I didn't think this was something I'd be writing about on - gasp - December 1st. But as the lists have already started to roll in, things aren't looking good. First, I noticed that Paste - usually a decent source of country music coverage - omitted any country short of C.M.A.T from their Best Albums list (I think C.M.A.T is awesome, but very on the edge of what I would consider country). What the fuck, Paste? Then, I saw that the only country album on New Yorker's list is Morgan Wallen's I'm the Problem, with Wallen and Post Malone's collab the only country song (again, other than C.M.A.T) on Pitchfork's year end list.
Sigh. I usually have low expectations for country representation on Pitchfork's list, so this was not much of a surprise, but I was a bit shocked by the New Yorker. Let me just say I have immense respect for the work of Amanda Petrusich, the critic who wrote this list, and I think is someone who enjoys the healthy debate that comes with this endeavor, so she would support my airing of grievances here I think, if not encourage it! But listing in Wallen there, and on Pitchfork, as the lone Nashville country album and song, is essentially saying that Wallen made the best country album and song of the year. And I have a, uh, problem with that.
Whether or not that is the goal of the critic is moot - the reader, looking at these lists, is not there for an intellectual exercise. When you only pick one country album, or one song, it feels like a statement: this is the only worthy country album of the year. And in a place like Pitchfork or elsewhere, where country is so rare, it's all the more important. I am sure some critics would argue that a choice like this is meant to show influence or cultural relevance, but that is different from best, and, again, that is a critical debate rather than a list for readers to simply read and use. And perhaps because I am an advocate for the usefulness of these lists - to highlight missed albums, to boost deserving art that didn't get a chance, to applaud great work even if it is mainstream or whatnot - I reject the idea of them as a brain exercise.

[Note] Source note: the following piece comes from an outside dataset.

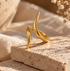 Reneax and Company minimalist gold-tone spiral wrap ring with a polished finish resting on a textured stone block.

Morgan Wallen did not make the best country album of the year, nor the best song. Not even close. Did he have massive influence, and massive sales? Of course. Is he important to talk about in the overall cultural conversation about country music - and pop - this year, and should we be able to do that as critics? Of course. But aside from the content itself, I reject the idea that an album engineered to flood the market with songs should even be considered for such a category. Longer than both The White Album and The Wall, I don't even consider I'm the Problem to be a double album. It's a bunch of songs. And it is not the best country album of the year, not by a mile, and none of the songs stand out to me as best - though certainly not that Post Malone collab.
We'll get into what we think the actual best songs and albums are are later, here and elsewhere. But in a year that saw incredible work from Tyler Childers, Carter Faith, Kelsey Waldon, Eric Church, Margo Price, Kristina Murray, Madeline Edwards, Caylee Hammack and so many more terrific records both within and well outside of the mainstream, I find this Wallen hero tour to be not just incorrect but also a huge bummer. We're the first people to tell you to reconsider a mainstream artist you may have dismissed, so we're not purists - but this ain't it. Approaching the rest of list season with a cocktail in hand, I suppose.